Given material Block Start

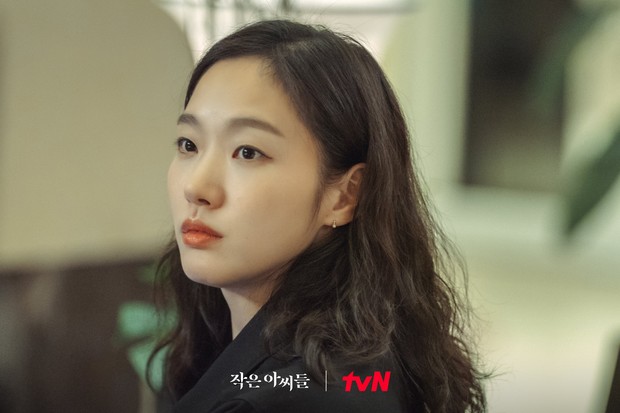 Kim Go Eun memerankan karakter Oh In Joo./twitter.com/CJnDrama Dengan bakat aktingnya yang memukau, Kim Go Eun berhasil menampilkan kepribadian Oh In Joo dengan baik.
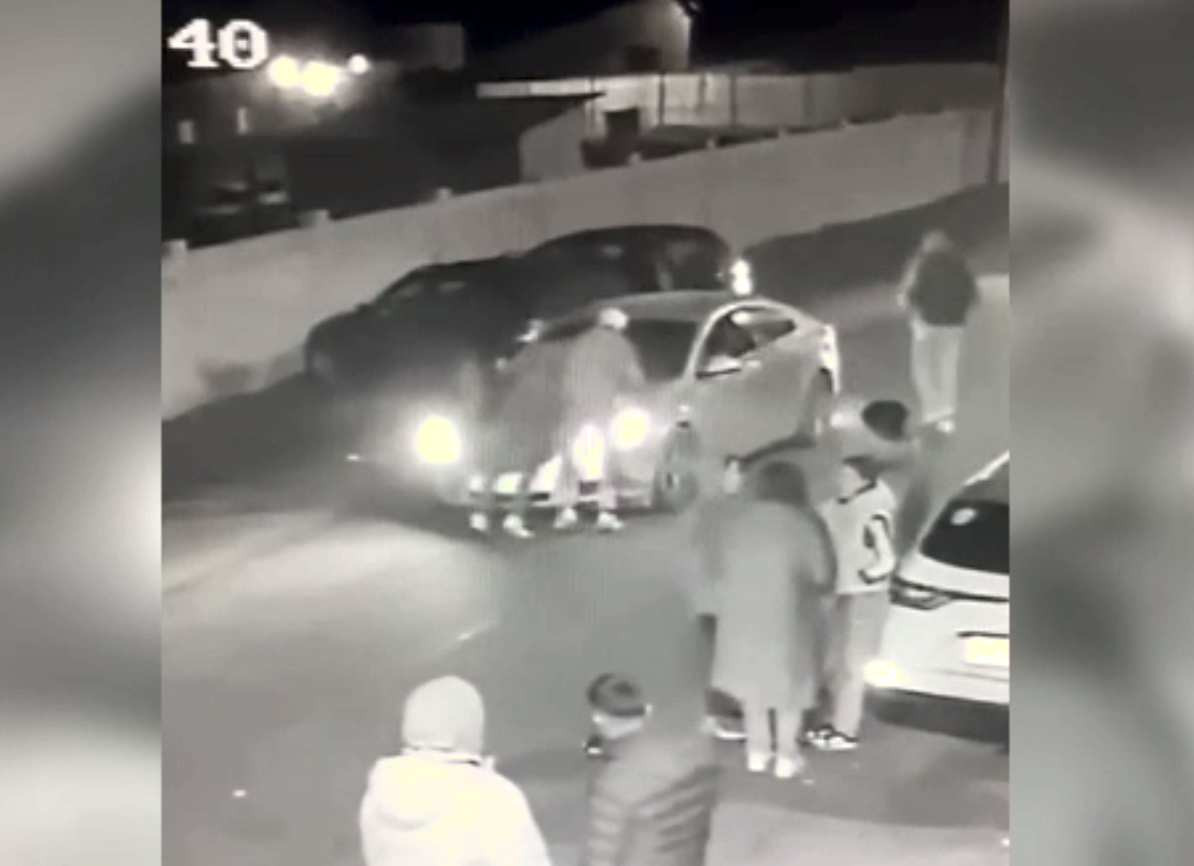 Doi tineri din Bacău cu comportament iresponsabil. Se aruncau în fața mașinilor pentru distracție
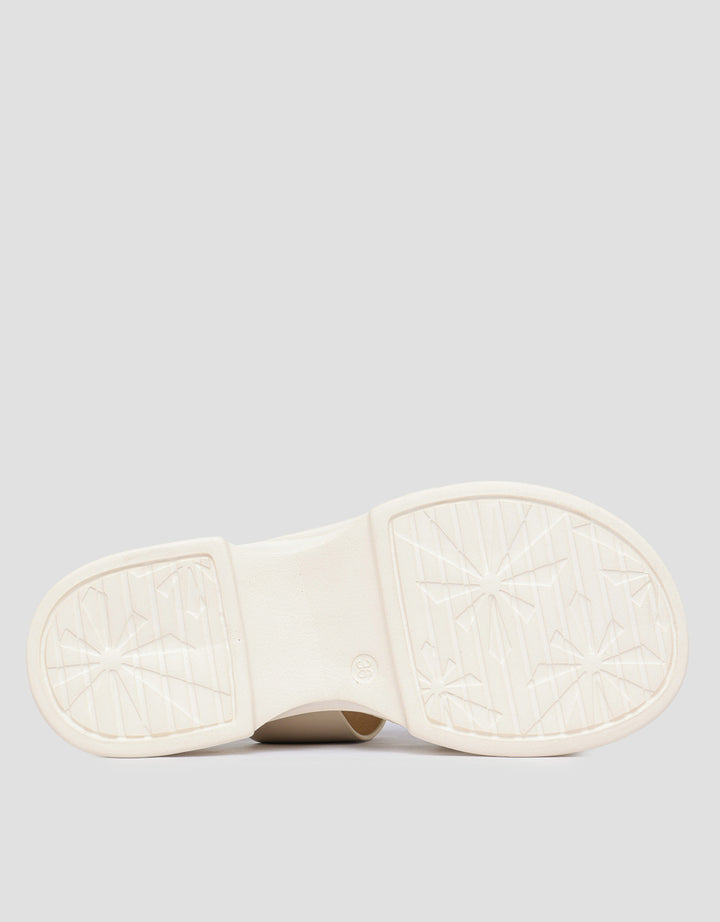 Yongki Komaladi Velcro Sepatu Sandal Wedges Wanita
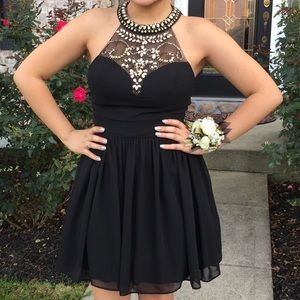 HOMECOMING/PROM BLACK AND GOLD SHORT DRESS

Given material Block End

Return an exact transcription of the material, with its pictures left out.

 Kim Go Eun memerankan karakter Oh In Joo./twitter.com/CJnDrama Dengan bakat aktingnya yang memukau, Kim Go Eun berhasil menampilkan kepribadian Oh In Joo dengan baik.
 Doi tineri din Bacău cu comportament iresponsabil. Se aruncau în fața mașinilor pentru distracție
 Yongki Komaladi Velcro Sepatu Sandal Wedges Wanita
 HOMECOMING/PROM BLACK AND GOLD SHORT DRESS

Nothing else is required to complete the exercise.